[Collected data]

━━━━━━━━━━━━━━━━

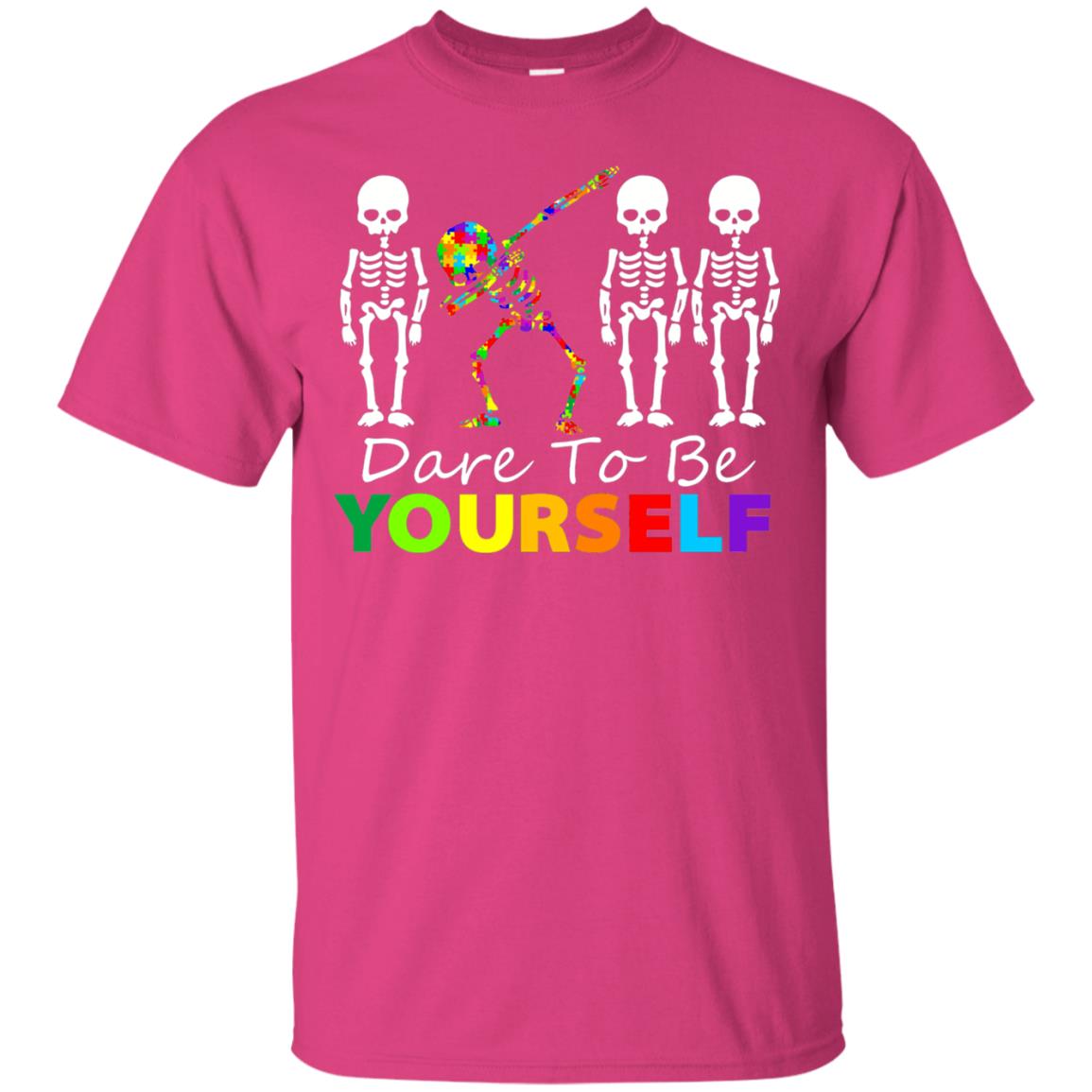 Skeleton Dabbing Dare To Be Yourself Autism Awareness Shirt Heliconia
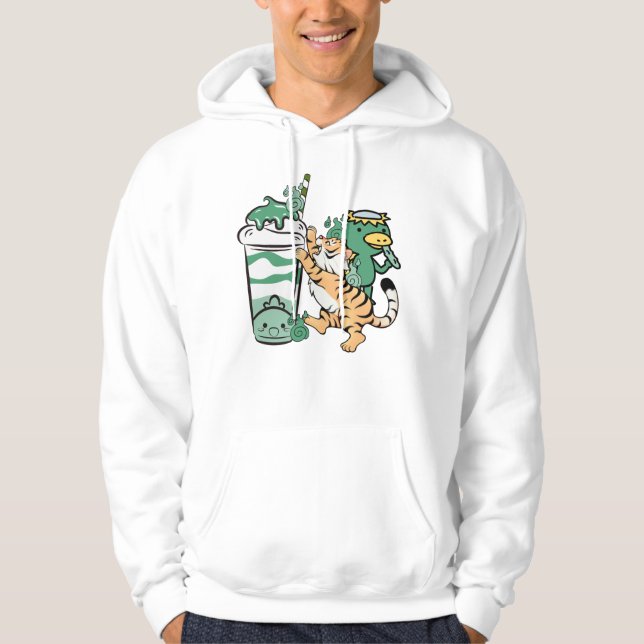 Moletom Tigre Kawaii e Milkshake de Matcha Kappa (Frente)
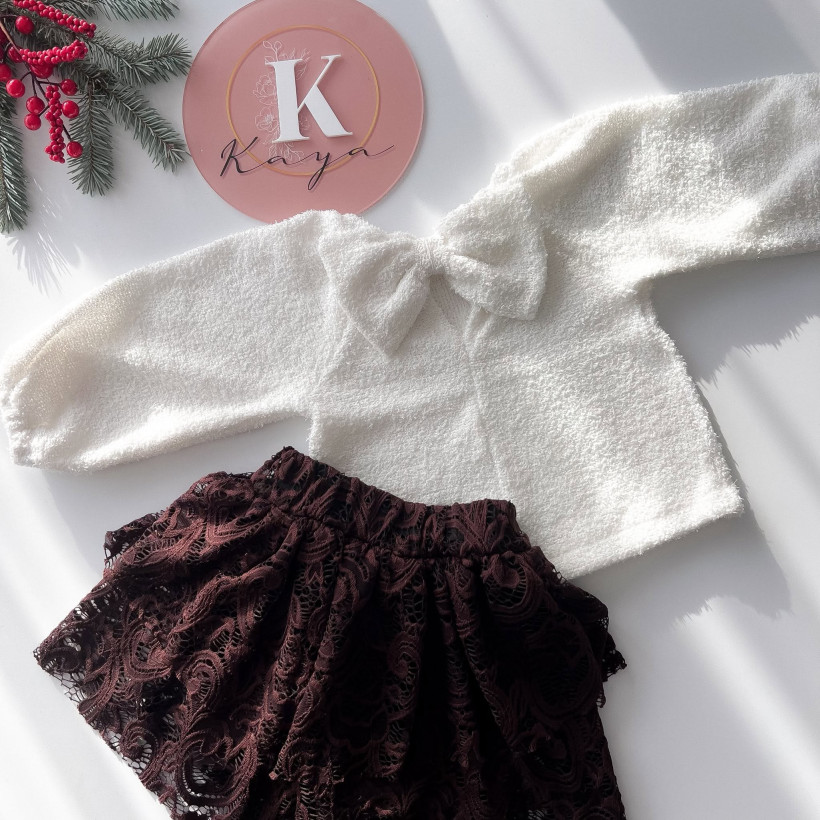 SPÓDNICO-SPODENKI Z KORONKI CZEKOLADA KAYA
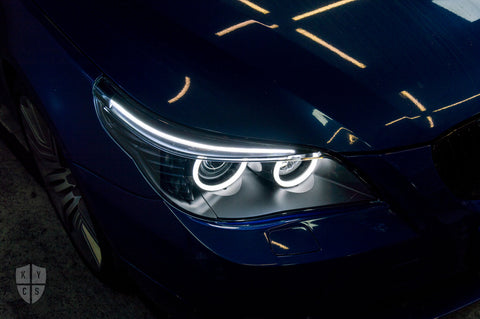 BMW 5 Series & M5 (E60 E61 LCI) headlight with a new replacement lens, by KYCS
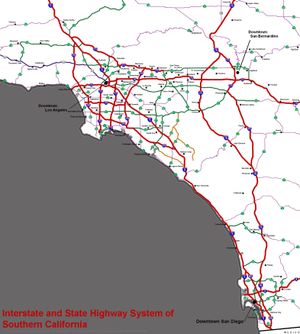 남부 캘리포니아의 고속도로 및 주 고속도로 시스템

━━━━━━━━━━━━━━━━

• **WORK ORDER**: Retype all the data exactly, please, without pictures.

• **RESULT FOR THIS EXERCISE**:
 Skeleton Dabbing Dare To Be Yourself Autism Awareness Shirt Heliconia
 Moletom Tigre Kawaii e Milkshake de Matcha Kappa (Frente)
 SPÓDNICO-SPODENKI Z KORONKI CZEKOLADA KAYA
 BMW 5 Series & M5 (E60 E61 LCI) headlight with a new replacement lens, by KYCS
 남부 캘리포니아의 고속도로 및 주 고속도로 시스템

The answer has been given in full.